PROBLEM DESCRIPTION ::
Verbatim copy without images: repeat the records in full.

EXTRACTED DATA ::
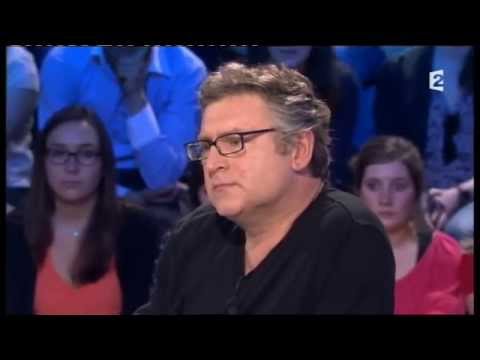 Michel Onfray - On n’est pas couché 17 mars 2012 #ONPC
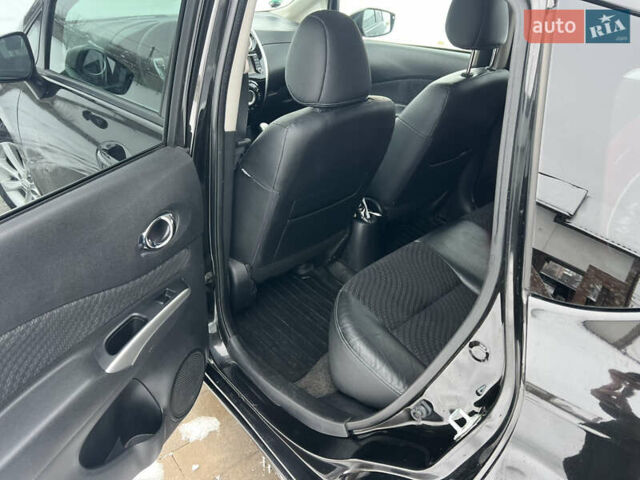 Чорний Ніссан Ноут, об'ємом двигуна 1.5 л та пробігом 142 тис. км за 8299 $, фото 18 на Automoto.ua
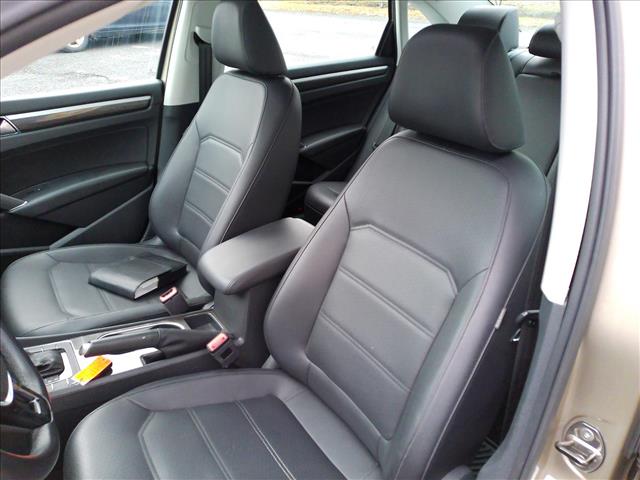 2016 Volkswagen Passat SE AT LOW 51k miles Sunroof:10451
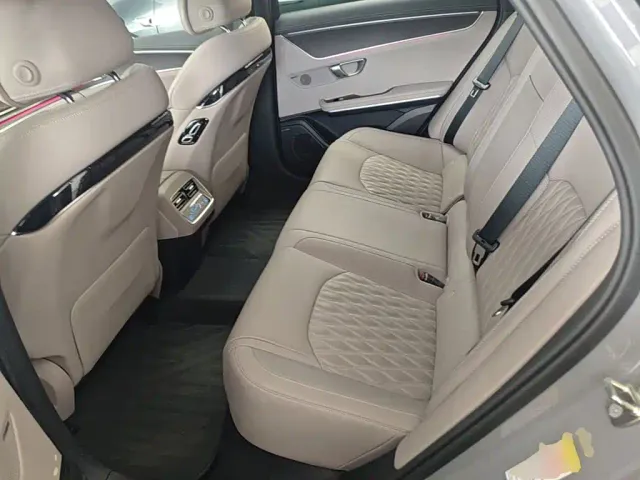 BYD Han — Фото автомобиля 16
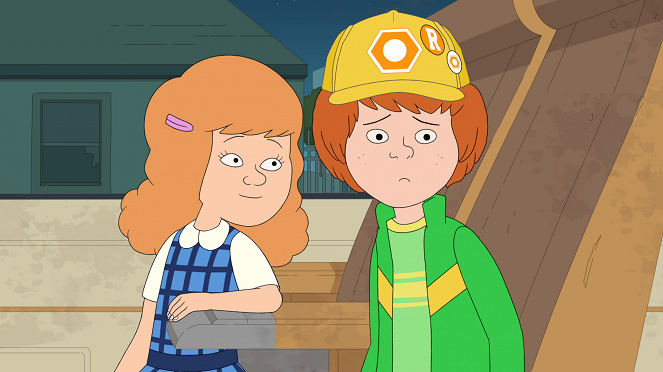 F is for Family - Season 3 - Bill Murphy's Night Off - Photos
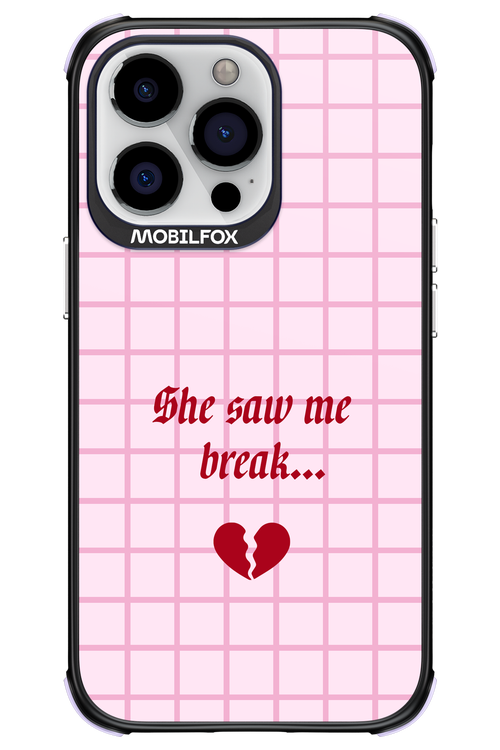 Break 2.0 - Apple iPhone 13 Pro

RESULT OF THE TASK ::
 Michel Onfray - On n’est pas couché 17 mars 2012 #ONPC
 Чорний Ніссан Ноут, об'ємом двигуна 1.5 л та пробігом 142 тис. км за 8299 $, фото 18 на Automoto.ua
 2016 Volkswagen Passat SE AT LOW 51k miles Sunroof:10451
 BYD Han — Фото автомобиля 16
 F is for Family - Season 3 - Bill Murphy's Night Off - Photos
 Break 2.0 - Apple iPhone 13 Pro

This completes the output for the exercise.